MotorSport Vision, the company behind the recently rebranded GB3 championship, has announced it will start a new series next year called GB4 that will use first-generation Formula 4 cars.
Similar to the relationship between Formula 2 and Formula 3 on the F1 support bill, GB3 and GB4 will be run by the same key people on the British GT support bill and will use the standard Tatuus F4-T014 car the current GB3 chassis is based on.
The season budget being touted for GB4 by MSV is £120,000-150,000, with a minimum age of 15 for drivers as the series complies to FIA F4 technical regulations.
- Feature: A guide to modern-day F4 and A guide to modern-day F3
“GB4 is a tremendously exciting new championship that will provide aspiring F1 drivers with modest budgets an opportunity to develop and prove their talent, and progress onwards in single-seater racing,” said MSV’s chief executive Jonathan Palmer.
“The availability of the current well proven Tatuus-Abarth F4 car, coupled with MSV’s highly respected ability to run excellent junior single-seater series, means an affordable first step will exist for drivers to emulate George Russell’s outstanding progress to the top, after he first came to single-seater prominence by winning our inaugural BRDC F4 championship in 2014.”
BRDC British F4 used its own car, then when it evolved into BRDC British F3 switched to an upgraded version of Tatuus’s F4 car. Further upgrades have occurred since, including the addition of the halo for 2022.
Now that many F4 series will be introducing second-generation F4 cars for 2022, the second-hand market for the older chassis is likely to boom and GB4 expects a spec Tatuus car from the continent could be bought for around £30,000 with an Autotecnica engine. GB3’s engine partner Mountune will also work on the power units, and its Pirelli tyres will be used.

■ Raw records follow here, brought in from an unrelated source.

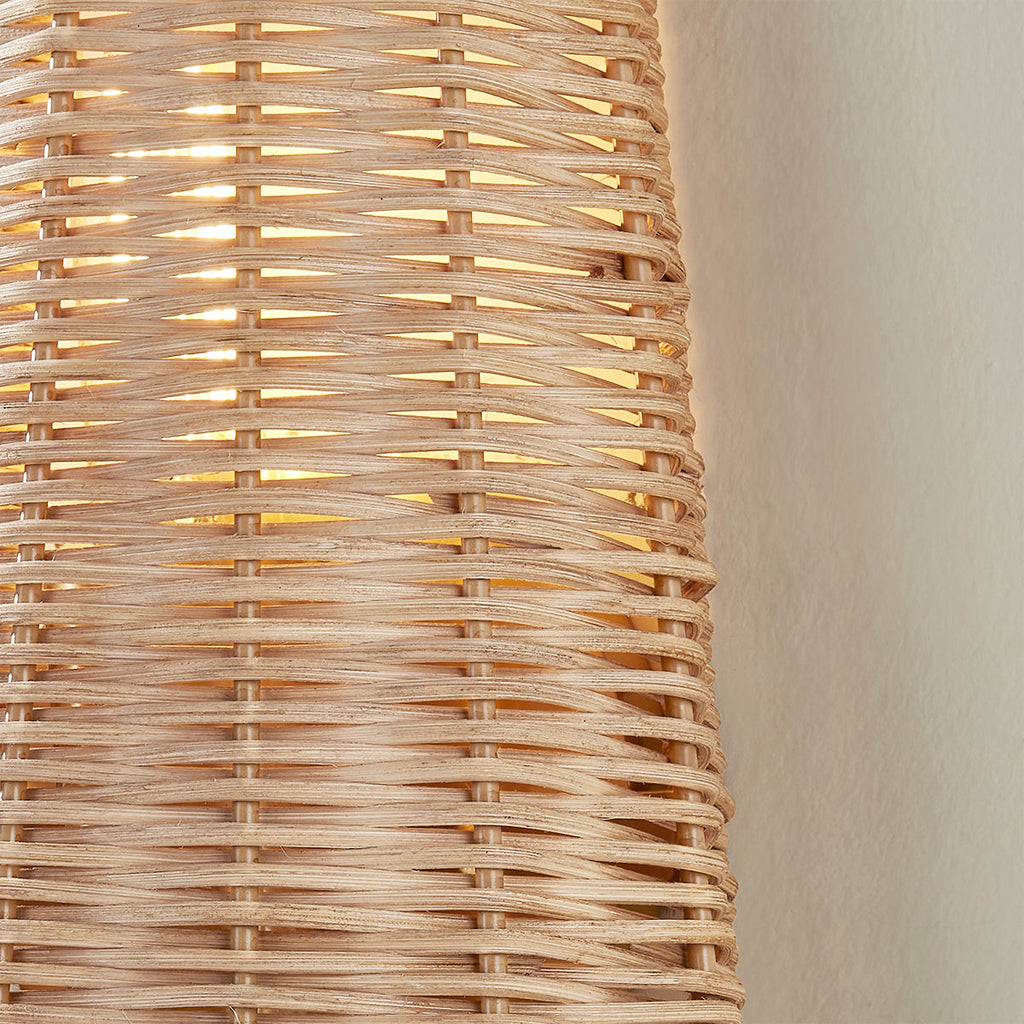 Naida Wall Sconce - Light House Co.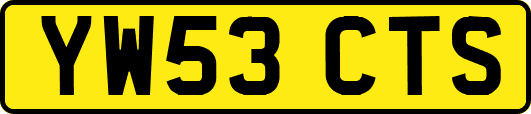 YW53CTS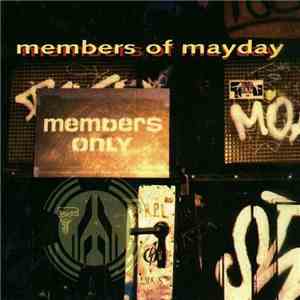 Members Of Mayday - Members Only download free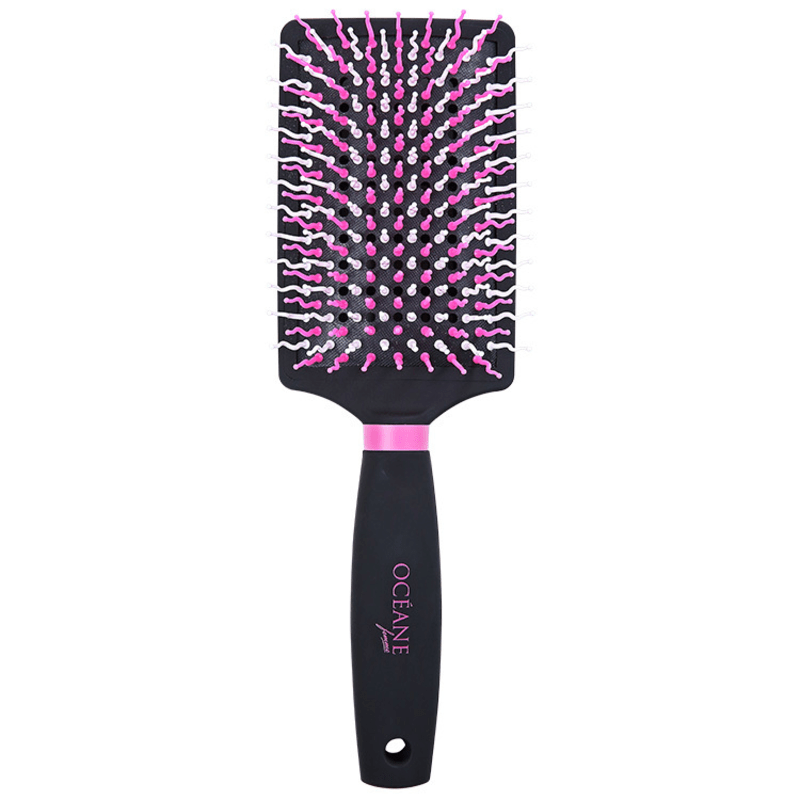 Océane Femme Racket Brush - Escova Raquete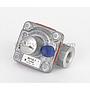 Pilot Pressure Regulator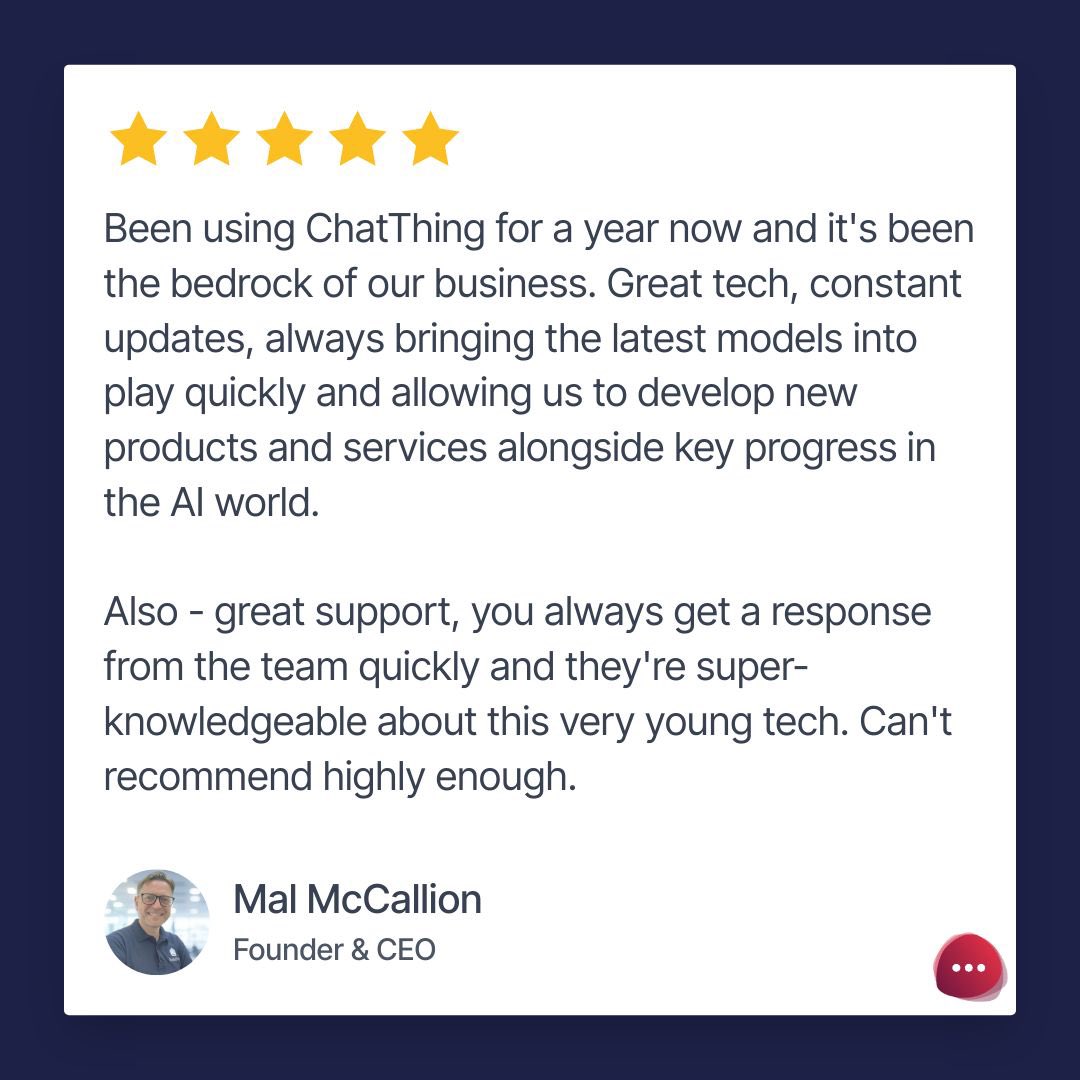 chatthingai tweet media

Maintenance will be simplified by the fact that GB3 uses a vast majority of the same running parts and that Tatuus will continue to manufacturer components that are used across its two F4 designs. MSV also plans to apply cost control directly to the new championship.
The inaugural season will consist of seven rounds and 21 races, with most rounds mirroring GB3’s format of a qualifying session and three race. GB4 will race and test on the same weekends as GB3, and there will be £50,000 prize for the champion to step up to the latter series.
There are plans for another entry-level single-seater series in the UK called Formula Foundation. The all-new car underpinning it has no rear wing and features a traverse engine, and is the brainchild of Steve Wills who previously made the Spirit cars used in Formula Ford.
FFoundation’s car already been tested and run in Finland by former Formula 1 driver JJ Lehto with a 1.6-litre Ford Zetec engine. It aims to be even cheaper than F4, a category which already has championships running in Finland and the UK.